Work to be completed - In the records that come next, find every line with "tiếng". Return those lines.

(Stored records)
Segment Open
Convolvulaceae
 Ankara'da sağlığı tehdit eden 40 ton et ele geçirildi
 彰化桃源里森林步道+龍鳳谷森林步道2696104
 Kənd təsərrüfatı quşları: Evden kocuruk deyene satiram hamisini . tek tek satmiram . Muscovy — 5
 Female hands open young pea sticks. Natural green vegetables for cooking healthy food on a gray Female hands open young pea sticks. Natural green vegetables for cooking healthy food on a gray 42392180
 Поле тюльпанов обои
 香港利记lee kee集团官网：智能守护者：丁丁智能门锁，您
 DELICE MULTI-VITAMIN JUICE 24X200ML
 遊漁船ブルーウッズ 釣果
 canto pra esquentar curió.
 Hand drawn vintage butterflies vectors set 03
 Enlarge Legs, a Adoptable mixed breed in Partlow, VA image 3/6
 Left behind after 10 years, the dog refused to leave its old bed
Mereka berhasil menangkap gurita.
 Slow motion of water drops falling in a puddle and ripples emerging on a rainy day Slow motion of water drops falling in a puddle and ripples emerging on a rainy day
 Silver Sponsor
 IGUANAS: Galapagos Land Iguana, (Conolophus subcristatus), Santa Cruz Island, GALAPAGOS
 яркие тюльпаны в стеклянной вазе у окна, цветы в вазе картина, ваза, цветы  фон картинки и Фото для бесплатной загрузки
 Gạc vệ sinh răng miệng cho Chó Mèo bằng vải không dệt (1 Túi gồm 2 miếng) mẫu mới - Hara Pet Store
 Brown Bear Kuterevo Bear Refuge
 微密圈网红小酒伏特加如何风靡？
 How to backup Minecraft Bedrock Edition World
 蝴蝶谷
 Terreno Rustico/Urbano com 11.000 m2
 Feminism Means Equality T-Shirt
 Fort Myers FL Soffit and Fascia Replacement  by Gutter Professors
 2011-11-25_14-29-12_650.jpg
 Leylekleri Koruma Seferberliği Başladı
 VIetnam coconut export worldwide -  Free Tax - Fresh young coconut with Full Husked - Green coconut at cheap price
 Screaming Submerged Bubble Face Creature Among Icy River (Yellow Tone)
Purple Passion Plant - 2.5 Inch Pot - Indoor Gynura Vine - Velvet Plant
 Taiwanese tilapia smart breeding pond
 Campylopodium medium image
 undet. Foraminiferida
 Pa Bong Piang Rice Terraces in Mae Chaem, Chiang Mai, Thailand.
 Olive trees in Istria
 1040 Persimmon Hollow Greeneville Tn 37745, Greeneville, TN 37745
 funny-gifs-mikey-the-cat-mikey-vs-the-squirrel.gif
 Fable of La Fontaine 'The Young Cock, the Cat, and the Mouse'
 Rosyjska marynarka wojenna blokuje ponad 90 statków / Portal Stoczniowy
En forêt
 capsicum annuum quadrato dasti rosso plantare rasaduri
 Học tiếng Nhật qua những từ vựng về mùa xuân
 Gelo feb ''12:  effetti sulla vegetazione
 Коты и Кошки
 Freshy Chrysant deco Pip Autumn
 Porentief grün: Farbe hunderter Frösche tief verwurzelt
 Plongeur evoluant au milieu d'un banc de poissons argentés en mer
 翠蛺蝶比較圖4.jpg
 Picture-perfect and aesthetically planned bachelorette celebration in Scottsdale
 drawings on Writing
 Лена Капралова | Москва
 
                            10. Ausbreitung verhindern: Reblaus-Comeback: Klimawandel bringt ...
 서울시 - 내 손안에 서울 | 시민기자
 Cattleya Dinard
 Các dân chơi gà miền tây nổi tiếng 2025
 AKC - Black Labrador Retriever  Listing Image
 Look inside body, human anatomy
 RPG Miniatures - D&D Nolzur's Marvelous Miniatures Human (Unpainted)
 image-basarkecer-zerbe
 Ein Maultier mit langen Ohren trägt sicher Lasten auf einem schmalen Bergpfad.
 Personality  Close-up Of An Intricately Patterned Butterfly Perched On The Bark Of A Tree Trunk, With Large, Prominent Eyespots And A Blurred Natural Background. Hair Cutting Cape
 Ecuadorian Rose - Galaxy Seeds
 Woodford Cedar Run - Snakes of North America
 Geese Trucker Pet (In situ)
Segment Closed
Exercise response -
 Học tiếng Nhật qua những từ vựng về mùa xuân
 Các dân chơi gà miền tây nổi tiếng 2025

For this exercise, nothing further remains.